New York's grace, gratitude, grit on Thanksgiving

Thanksgiving's emphasis on gratitude makes it an easy day to like. In fact, New York always seems kinder, gentler this time of year. Volunteers emerge with the muscle to feed tens of thousands. Once a year we can rest our ambitions and focus on our community.

From the experienced at the Bowery Mission downtown, which has been providing Thanksgiving meals for more than a century, to the new – the second year for Thanksgiving breakfast at William Cullen Bryant High School in Long Island City.

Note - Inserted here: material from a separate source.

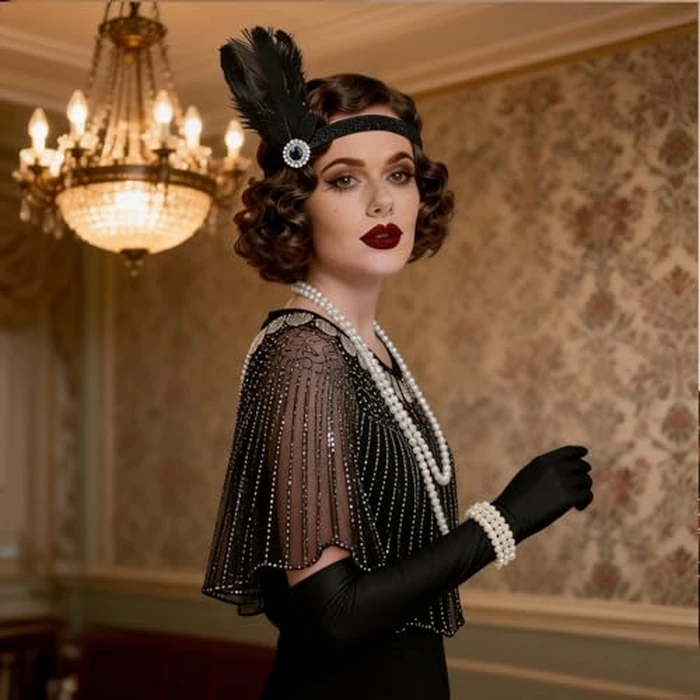 ELECLAND 10 Pieces 1920s Flapper Gatsby Accessories Set Fashion Roaring 20's Theme Set (Black 2) by ELECLAND - Image 6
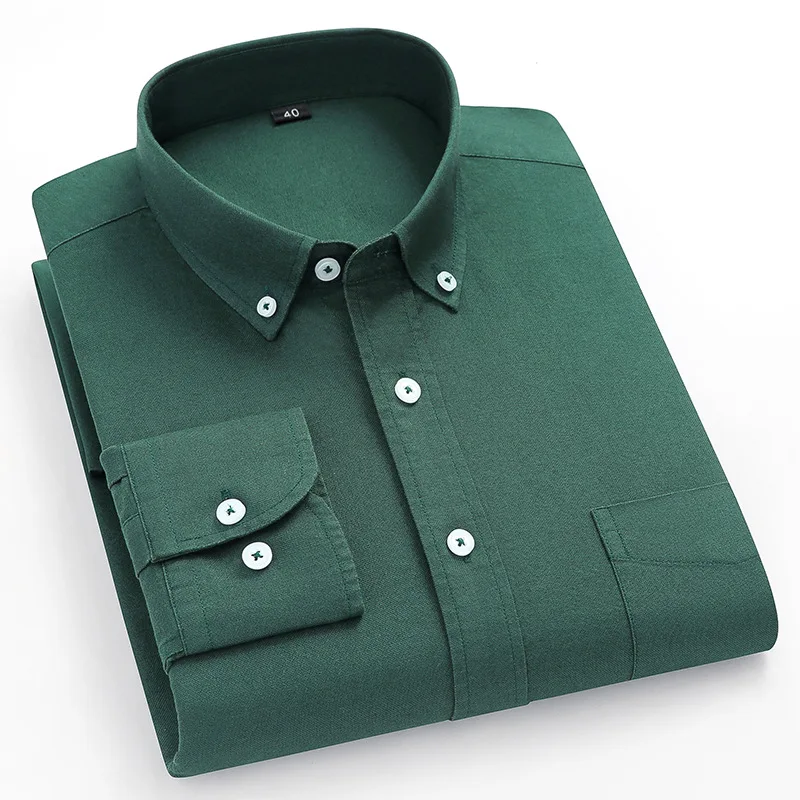 2026 New Autumn and Winter New Cotton Oxford Spinning Solid Color Men's Shirt Casual Cardigan Inch Shirt Men's Clothes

For decades, the Doe Fund has been on the front lines of lifting New Yorkers out of poverty. It held three events Thanksgiving Day.

We spoke with a few people who truly know something about having it rough in life. Nasreen was homeless and worse, hopeless—formerly one of the anonymous faces we might pass on the street. Given a chance with the Ready Willing and Able program, he is now the facilities director hosting hundreds of New Yorkers in a rut he knows well.

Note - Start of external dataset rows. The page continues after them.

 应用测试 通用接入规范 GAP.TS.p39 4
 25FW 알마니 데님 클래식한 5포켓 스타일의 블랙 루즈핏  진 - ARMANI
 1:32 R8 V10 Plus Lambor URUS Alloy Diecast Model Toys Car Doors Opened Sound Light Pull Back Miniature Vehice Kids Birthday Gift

"All people deserve respect," he said. "Just because a person is homeless doesn't mean he doesn't have value."

Charles was an engineer, but also an alcoholic, which he says destroyed his career, his life. He has been sober 52 months and is in training at the Doe Fund. He knows where he'll be next time we meet: a master chef, he said.

Harlem native Truck, a nickname, was a drug dealer and is now an executive chef. Truck's journey took far more work than just an investment of a third Thursday of a month, once a year. He started at the Doe Fund pushing a mop. Now he teaches culinary arts. He said there are no quick fixes.

But at least the experts agree on the problem: income inequality. For instance, since the Doe Fund started in 1990, GDP has nearly tripled to $17 trillion, highest in the world. Yet the income gap has grown.

More people are in need now more than ever, according to Doe Fund founder George McDonald.

"I remember when Ronald Reagan was talking about the gap between the rich and poor," he said. "Those seem like the good old days because it has only gotten worse."

So while we have plenty to be thankful for this day, we have a problem on our hands that takes far more than this one day a year to fix.

People we talked to on this holiday had three lasting thoughts:

  1. Be informed.
  2. Do something even if it is just to vote on election day.
  3. Recognize the impact racism in this country has had on the economic climate today.